### [EXERCISE BRIEF]
Write out only the final part of the records below. It begins with the line that contains "Photo of property" and ends with the last line.

### [Data excerpts]
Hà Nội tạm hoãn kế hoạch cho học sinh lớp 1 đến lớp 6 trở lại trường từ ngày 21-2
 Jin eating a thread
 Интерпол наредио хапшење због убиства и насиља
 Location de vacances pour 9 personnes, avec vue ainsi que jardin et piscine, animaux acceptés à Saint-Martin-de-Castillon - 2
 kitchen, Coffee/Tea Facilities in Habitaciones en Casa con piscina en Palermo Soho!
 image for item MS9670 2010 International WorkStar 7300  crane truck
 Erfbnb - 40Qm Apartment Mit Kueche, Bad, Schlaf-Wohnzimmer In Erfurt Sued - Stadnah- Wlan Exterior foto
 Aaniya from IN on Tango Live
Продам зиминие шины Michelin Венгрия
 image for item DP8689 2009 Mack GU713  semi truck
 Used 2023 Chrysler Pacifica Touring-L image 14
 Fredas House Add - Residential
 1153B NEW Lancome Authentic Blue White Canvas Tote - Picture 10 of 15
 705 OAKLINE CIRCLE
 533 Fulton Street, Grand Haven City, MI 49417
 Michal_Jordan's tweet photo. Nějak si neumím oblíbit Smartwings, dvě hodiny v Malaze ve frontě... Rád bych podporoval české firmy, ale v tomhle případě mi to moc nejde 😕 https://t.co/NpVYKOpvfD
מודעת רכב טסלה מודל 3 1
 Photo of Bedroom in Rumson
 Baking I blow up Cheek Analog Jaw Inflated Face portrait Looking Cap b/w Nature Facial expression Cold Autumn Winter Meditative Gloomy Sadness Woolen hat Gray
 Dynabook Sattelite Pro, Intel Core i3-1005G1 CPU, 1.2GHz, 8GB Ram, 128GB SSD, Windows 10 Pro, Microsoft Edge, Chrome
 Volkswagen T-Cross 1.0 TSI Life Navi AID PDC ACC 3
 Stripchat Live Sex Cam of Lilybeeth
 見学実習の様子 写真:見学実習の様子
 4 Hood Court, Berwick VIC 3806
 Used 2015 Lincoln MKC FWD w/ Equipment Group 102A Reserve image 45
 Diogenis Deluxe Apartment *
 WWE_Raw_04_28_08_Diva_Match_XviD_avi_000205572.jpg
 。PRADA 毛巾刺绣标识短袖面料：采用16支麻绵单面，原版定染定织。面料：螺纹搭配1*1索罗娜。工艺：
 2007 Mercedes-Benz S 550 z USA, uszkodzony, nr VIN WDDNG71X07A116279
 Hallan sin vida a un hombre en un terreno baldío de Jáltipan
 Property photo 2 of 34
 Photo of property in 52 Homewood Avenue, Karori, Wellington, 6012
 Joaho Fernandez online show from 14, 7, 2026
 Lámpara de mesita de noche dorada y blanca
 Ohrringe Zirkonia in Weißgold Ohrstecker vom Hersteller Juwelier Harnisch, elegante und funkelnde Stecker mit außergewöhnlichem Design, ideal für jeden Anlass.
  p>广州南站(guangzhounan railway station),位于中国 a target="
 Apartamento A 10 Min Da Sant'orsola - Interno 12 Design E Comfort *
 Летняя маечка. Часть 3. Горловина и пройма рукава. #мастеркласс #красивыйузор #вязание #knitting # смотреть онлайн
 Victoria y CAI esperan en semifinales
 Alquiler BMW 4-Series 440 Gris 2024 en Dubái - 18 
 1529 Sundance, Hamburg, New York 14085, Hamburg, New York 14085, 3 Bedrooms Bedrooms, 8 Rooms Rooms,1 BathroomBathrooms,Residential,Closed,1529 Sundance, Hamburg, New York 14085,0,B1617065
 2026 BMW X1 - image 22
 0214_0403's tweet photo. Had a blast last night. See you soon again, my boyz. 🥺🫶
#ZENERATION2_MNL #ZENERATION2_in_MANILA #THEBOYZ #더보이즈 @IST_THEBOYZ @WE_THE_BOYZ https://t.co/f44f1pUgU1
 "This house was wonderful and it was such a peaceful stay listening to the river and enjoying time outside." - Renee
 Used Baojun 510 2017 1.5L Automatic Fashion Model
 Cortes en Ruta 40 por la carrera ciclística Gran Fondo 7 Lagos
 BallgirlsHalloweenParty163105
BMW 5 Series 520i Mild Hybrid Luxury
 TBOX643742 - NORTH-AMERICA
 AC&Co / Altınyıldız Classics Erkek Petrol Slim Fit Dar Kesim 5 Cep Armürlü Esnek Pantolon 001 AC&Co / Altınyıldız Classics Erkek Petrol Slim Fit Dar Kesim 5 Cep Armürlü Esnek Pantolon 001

### [SOLUTION FOR THIS PROBLEM]
 Photo of property in 52 Homewood Avenue, Karori, Wellington, 6012
 Joaho Fernandez online show from 14, 7, 2026
 Lámpara de mesita de noche dorada y blanca
 Ohrringe Zirkonia in Weißgold Ohrstecker vom Hersteller Juwelier Harnisch, elegante und funkelnde Stecker mit außergewöhnlichem Design, ideal für jeden Anlass.
  p>广州南站(guangzhounan railway station),位于中国 a target="
 Apartamento A 10 Min Da Sant'orsola - Interno 12 Design E Comfort *
 Летняя маечка. Часть 3. Горловина и пройма рукава. #мастеркласс #красивыйузор #вязание #knitting # смотреть онлайн
 Victoria y CAI esperan en semifinales
 Alquiler BMW 4-Series 440 Gris 2024 en Dubái - 18 
 1529 Sundance, Hamburg, New York 14085, Hamburg, New York 14085, 3 Bedrooms Bedrooms, 8 Rooms Rooms,1 BathroomBathrooms,Residential,Closed,1529 Sundance, Hamburg, New York 14085,0,B1617065
 2026 BMW X1 - image 22
 0214_0403's tweet photo. Had a blast last night. See you soon again, my boyz. 🥺🫶
#ZENERATION2_MNL #ZENERATION2_in_MANILA #THEBOYZ #더보이즈 @IST_THEBOYZ @WE_THE_BOYZ https://t.co/f44f1pUgU1
 "This house was wonderful and it was such a peaceful stay listening to the river and enjoying time outside." - Renee
 Used Baojun 510 2017 1.5L Automatic Fashion Model
 Cortes en Ruta 40 por la carrera ciclística Gran Fondo 7 Lagos
 BallgirlsHalloweenParty163105
BMW 5 Series 520i Mild Hybrid Luxury
 TBOX643742 - NORTH-AMERICA
 AC&Co / Altınyıldız Classics Erkek Petrol Slim Fit Dar Kesim 5 Cep Armürlü Esnek Pantolon 001 AC&Co / Altınyıldız Classics Erkek Petrol Slim Fit Dar Kesim 5 Cep Armürlü Esnek Pantolon 001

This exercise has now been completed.